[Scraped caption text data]
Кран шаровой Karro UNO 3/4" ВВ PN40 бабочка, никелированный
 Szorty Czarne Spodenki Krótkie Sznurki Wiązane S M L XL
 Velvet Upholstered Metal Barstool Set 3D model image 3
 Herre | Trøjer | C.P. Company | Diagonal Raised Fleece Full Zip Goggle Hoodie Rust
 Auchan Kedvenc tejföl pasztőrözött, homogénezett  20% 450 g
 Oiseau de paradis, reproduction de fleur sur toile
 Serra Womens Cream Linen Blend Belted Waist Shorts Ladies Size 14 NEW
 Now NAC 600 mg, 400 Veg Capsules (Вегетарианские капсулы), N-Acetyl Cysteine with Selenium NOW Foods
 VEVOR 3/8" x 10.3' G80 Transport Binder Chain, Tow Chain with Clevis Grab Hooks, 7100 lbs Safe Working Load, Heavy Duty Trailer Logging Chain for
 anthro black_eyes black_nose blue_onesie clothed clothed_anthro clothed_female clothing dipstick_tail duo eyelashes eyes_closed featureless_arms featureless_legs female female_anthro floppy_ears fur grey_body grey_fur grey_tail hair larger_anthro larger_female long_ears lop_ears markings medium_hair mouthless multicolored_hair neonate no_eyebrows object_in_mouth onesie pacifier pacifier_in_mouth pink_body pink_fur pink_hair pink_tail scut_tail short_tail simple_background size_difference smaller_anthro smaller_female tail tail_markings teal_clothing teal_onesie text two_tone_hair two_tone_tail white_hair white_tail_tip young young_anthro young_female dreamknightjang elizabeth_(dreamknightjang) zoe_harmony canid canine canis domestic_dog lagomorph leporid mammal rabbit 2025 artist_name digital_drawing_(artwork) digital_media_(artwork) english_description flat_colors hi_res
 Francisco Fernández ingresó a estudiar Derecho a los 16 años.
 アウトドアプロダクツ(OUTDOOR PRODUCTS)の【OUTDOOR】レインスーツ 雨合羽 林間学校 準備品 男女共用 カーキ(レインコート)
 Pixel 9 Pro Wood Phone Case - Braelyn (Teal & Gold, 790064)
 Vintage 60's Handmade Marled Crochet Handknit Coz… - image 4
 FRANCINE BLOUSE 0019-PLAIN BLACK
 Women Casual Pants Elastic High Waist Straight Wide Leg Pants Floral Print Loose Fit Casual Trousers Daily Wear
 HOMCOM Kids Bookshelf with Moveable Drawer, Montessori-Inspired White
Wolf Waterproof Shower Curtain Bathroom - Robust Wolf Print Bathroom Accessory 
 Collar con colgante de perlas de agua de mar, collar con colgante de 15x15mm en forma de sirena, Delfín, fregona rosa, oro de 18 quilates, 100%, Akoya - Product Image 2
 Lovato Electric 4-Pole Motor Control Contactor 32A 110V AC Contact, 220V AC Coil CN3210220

### Problem statement
If a line in the records above holds the string "Waist", copy it.

### Response to this task
 Serra Womens Cream Linen Blend Belted Waist Shorts Ladies Size 14 NEW
 Women Casual Pants Elastic High Waist Straight Wide Leg Pants Floral Print Loose Fit Casual Trousers Daily Wear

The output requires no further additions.